04 Sep 2015

Guest blog by one of our research interns, Caroline Marris, a doctoral student at Columbia University in New York.
Chart by Lucas Jansz Wagenaer (1584) (G223:2/5)

When exactly did the English Channel start to be called the English Channel? It’s a question with a more complicated answer than you might think. In the early modern period, English, Dutch, and French cartographers all had different ideas about what to call a busy, messy, and ill-defined maritime region. In a time when legal jurisdictions over water overlapped or simply didn’t exist, when charts could be inaccurate or only lightly-detailed, and when there were burgeoning European nations all jostling for trade dominance and political power, the act of naming the Channel could take on proto-imperial importance.
Carta quinta by Robert Dudley and Antonio Francesco Lucini (1646) (G223:1/1)

Maps and charts in the National Maritime Museum’s collections demonstrate just how varied cartographic practice could be when it came to the Channel. The Dutch frequently called it “The Canal Between England and France” (Die Canael tusschen Engelandt ende Franckryct, 1584), but sometimes used “Oceanus Britannicus.” French charts also used “Le Canal entre Angleterre et la France,” embodying the common practice of cartographers of various nations copying each other’s work – but, perhaps with imperial maritime ambitions of his own, Nicolas Desliens published a chart in 1567 which claimed the entire region which is now the southern Channel and a sizable portion of the Atlantic Ocean as “La Mer de France.” In English, an atlas published in 1646 by Sir Robert Dudley may be the first source which named the Channel “The Narrow Seas.” Seventeenth-century English cartographers also called it “The British Sea” or “The British Channel” far before the official 1707 Act of Union.
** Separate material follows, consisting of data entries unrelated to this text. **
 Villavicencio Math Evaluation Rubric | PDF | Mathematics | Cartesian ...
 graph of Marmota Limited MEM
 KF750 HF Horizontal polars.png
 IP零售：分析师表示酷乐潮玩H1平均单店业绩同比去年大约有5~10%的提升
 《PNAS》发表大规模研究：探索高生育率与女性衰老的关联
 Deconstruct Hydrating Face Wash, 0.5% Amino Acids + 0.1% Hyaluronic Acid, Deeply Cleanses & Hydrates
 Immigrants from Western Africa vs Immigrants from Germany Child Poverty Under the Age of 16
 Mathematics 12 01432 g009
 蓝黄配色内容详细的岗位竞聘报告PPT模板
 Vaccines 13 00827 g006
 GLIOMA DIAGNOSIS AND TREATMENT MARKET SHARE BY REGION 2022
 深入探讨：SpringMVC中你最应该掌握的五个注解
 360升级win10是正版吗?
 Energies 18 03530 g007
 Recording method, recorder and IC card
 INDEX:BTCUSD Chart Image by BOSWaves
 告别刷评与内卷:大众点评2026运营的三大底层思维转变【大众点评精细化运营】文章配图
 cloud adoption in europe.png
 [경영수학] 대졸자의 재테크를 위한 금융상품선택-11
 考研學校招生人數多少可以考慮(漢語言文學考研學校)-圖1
And all of these names join a host of others which are no longer in use in the region, such as “The German Ocean,” a very common label at the time which was applied to various patches of water from Holland’s western coast to what is now the Baltic.
The battle off the Isle of Wight, 4 August 1588 (PBD8529(9))

What many of these charts certainly make clear, however, is that by the late sixteenth century there was a sizable, technical, and relatively accurate body of knowledge about geographical features and sailing patterns and practices in the region. Combined with sailing directions in atlases and texts such as the 1588 Mariner’s Mirrour (an English edition of the 1584 Dutch classic Die Spieghel der Zeevaert by Lucasz Waghenaer) and Hakluyt’s Principal Navigations (which used the intriguing phrase “our English Channel”), these charts were an essential tool in the general European goal of understanding, navigating, and controlling the Channel.